╭─ Available data

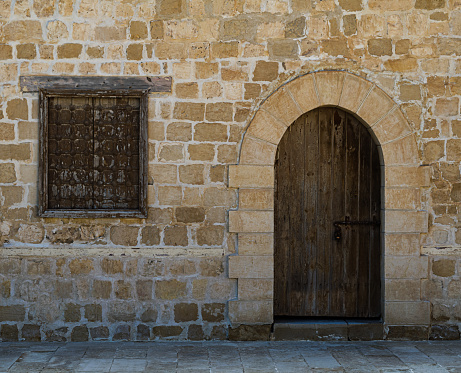 Alexandria, Egypt - December 3, 2015: Door and window of one of the rooms surrounding the main courtyard of Qaitbay Castle, a fort of Alexandria, Egypt, A 15th-century defensive fortress located on the Mediterranean sea coast, established in 1477 AD (882 AH)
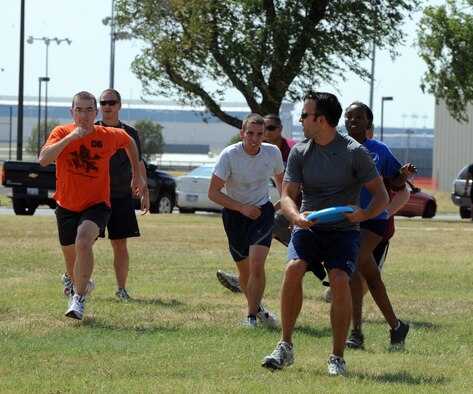 Team McConnell Airmen compete in a game of Ultimate Frisbee during a Boss N’ Buddy’s “Grill Your Own Steak” event at the Robert J. Dole Community Center Aug. 18, 2010, McConnell Air Force Base, Kan. During each month’s Boss N’ Buddy gathering, private organizations on base may compete in sports tournaments. This is an opportunity for Airmen to socialize and intermingle with base leadership.  (U.S. Air Force photo/Airman 1st Class Andrea Salazar)
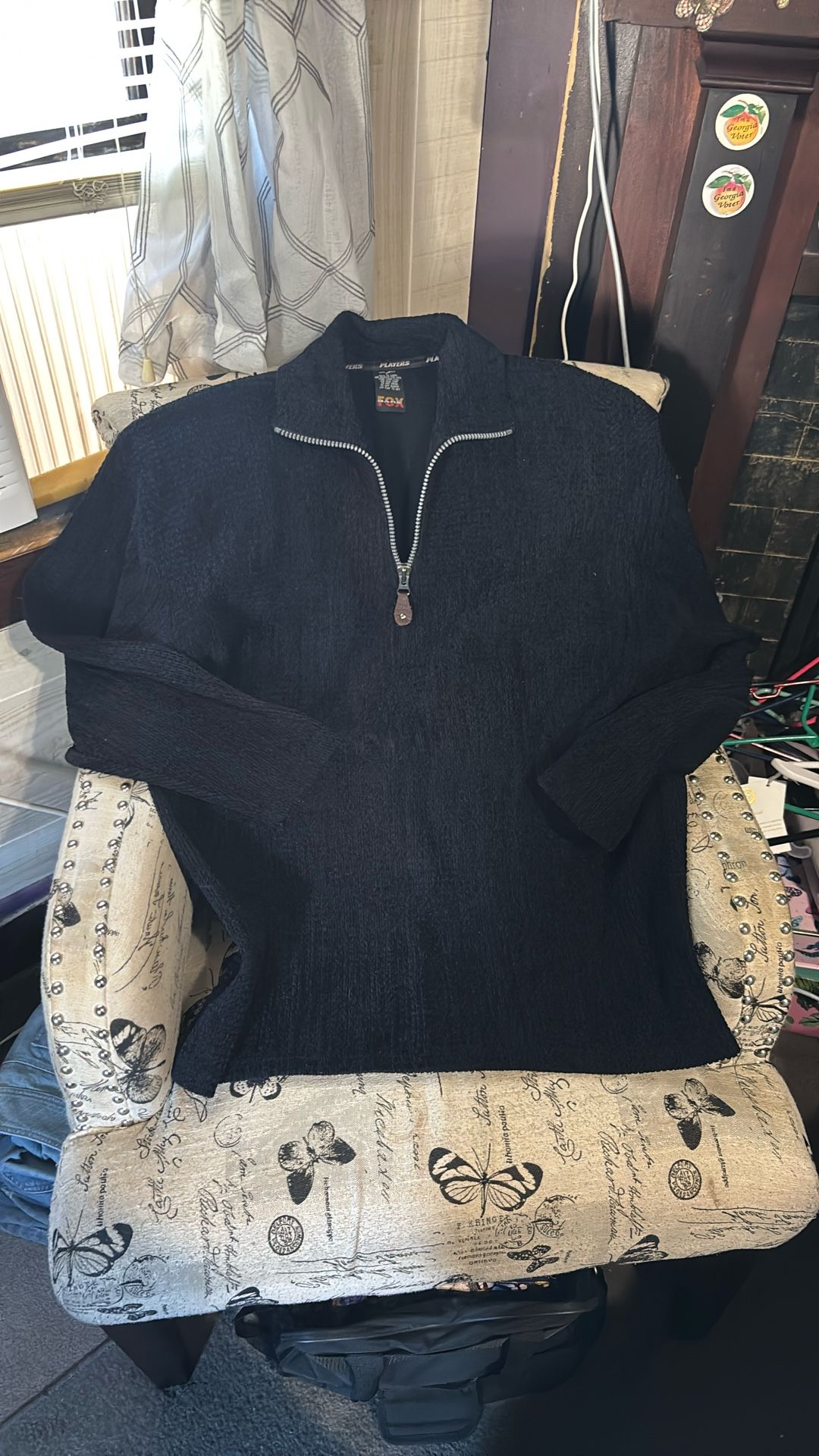 A black quarter-zip sweater by F/X Fusion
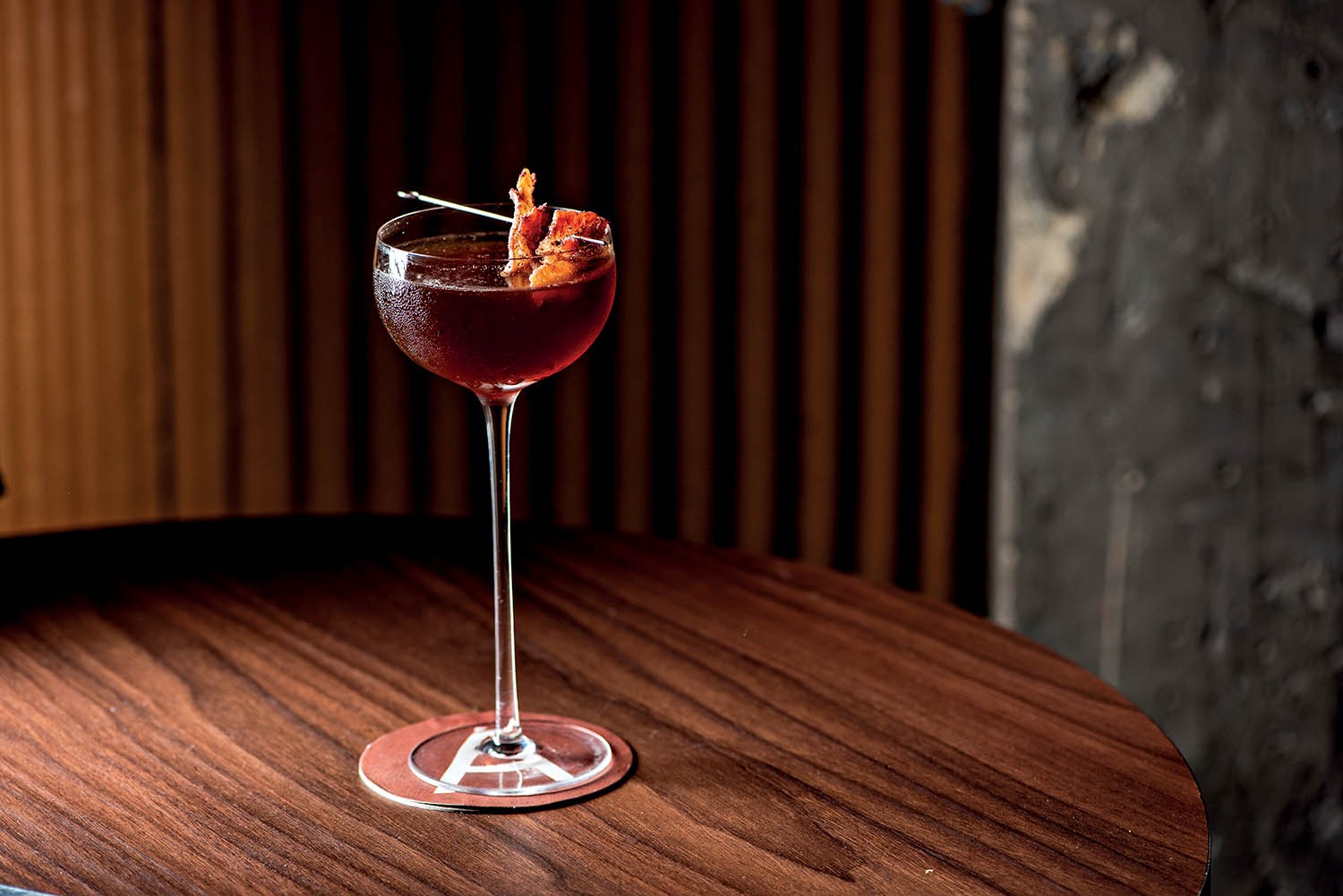 Coquetel vermelho escuro em ta&ccedil;a de haste fina, com guarni&ccedil;&atilde;o de bacon crocante espetado, sobre uma mesa de madeira escura e um porta-copos com a letra A. O fundo &eacute; desfocado, com listras verticais marrons e uma parede cinza texturizada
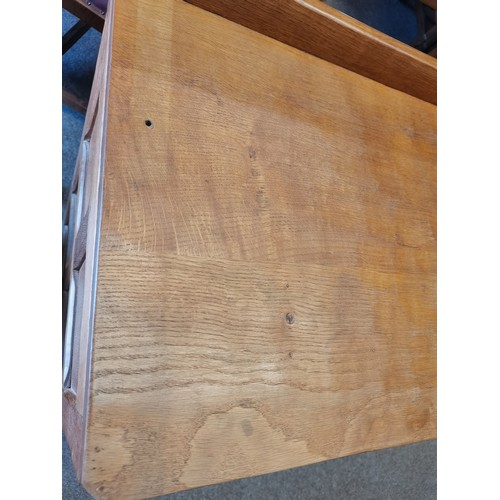 639 - Trevor Hutchinson, a Squirrelman oak dresser and plate rack, adzed, with two cupboards and four draw...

╰─

(Work task): Set every entry down again exactly as written, and omit the images.

(Answer section):
 Alexandria, Egypt - December 3, 2015: Door and window of one of the rooms surrounding the main courtyard of Qaitbay Castle, a fort of Alexandria, Egypt, A 15th-century defensive fortress located on the Mediterranean sea coast, established in 1477 AD (882 AH)
 Team McConnell Airmen compete in a game of Ultimate Frisbee during a Boss N’ Buddy’s “Grill Your Own Steak” event at the Robert J. Dole Community Center Aug. 18, 2010, McConnell Air Force Base, Kan. During each month’s Boss N’ Buddy gathering, private organizations on base may compete in sports tournaments. This is an opportunity for Airmen to socialize and intermingle with base leadership.  (U.S. Air Force photo/Airman 1st Class Andrea Salazar)
 A black quarter-zip sweater by F/X Fusion
 Coquetel vermelho escuro em ta&ccedil;a de haste fina, com guarni&ccedil;&atilde;o de bacon crocante espetado, sobre uma mesa de madeira escura e um porta-copos com a letra A. O fundo &eacute; desfocado, com listras verticais marrons e uma parede cinza texturizada
 639 - Trevor Hutchinson, a Squirrelman oak dresser and plate rack, adzed, with two cupboards and four draw...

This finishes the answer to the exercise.